If a(x) is a zero divisor in (Z/4Z)[x] then a(x)b(x) = 0 for some b(x) with a(x) $\ne 0$ and b(x) $\ne 0$

Then $\phi (a(x)b(x)) = \phi (a(x)) \phi (b(x)) = \phi (0) = 0$ with a(x) $\ne 0$ and b(x) $\ne 0$ ...

But ... where to now??

What can one do with a(x) $\ne 0$ and b(x) $\ne 0$ ... how to progress ... that is what does this imply about $\phi (a(x))$ and $\phi (b(x))$

Maybe we could proceed by arguing that $\phi (a(x)) \phi (b(x)) = 0$ implies that

$([a_n] x^n + [a_{n-1} x^{n-1} + ... + a_1 x + a_0) ([b_m] x^m+ [b_{m-1} x^{m-1} + ... + b_1 x + b_0) = 0$

But this would mean that

$[a_n] [b_m] = 0 [mod 2]$ which means $[a_n] = 0$ or $[b_m] = 0$ or both

This seems to imply that Z/2Z[x] has no zero divisors .... but where to from here ... need some further clarification and help.

Peter
• December 26th 2012, 10:50 PM
Deveno
Re: Polynomial rings - zero divisors
of course it has zero divisors, for example:

every polynomial of the form 2(f(x)) is a zero-divisor.
• December 27th 2012, 02:19 PM
Bernhard
Re: Polynomial rings - zero divisors
Are you referring to Z/4Z which certainly has zero divisors of that form?

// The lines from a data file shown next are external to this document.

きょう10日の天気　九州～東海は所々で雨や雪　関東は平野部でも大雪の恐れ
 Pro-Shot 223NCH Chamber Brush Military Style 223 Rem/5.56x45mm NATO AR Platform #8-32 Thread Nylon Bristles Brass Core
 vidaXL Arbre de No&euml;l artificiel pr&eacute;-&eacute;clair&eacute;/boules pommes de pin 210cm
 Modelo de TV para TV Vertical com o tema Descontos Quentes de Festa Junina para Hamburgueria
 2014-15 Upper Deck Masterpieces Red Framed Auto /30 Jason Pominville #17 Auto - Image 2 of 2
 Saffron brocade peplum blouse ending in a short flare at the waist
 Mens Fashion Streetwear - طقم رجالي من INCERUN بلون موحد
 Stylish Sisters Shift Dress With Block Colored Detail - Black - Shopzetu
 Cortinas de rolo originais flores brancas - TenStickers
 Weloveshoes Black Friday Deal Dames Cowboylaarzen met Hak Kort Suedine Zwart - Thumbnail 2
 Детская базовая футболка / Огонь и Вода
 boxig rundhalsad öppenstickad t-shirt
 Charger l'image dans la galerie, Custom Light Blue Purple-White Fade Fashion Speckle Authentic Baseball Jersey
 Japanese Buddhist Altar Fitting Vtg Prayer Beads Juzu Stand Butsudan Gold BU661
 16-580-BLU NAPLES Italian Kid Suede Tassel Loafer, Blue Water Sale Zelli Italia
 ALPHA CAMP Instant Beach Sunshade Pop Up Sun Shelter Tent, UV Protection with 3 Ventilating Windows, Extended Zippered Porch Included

I was referring to Z/2Z[x] which (I think) has no zero divisors [2Z is a prime ideal so Z/2Z has no zero divisors and thus Z/2Z[x] has no zero divisors.

Is that correct?

I would like your guidance on the use of the homomorphism $\phi$ Z/4Z[x] ---> Z/2Z[x]

It seems that the kernel of the transformation is those polynomials of the form 2(f(x)) which are the zero divisors of Z/4Z. Can we use this somehow?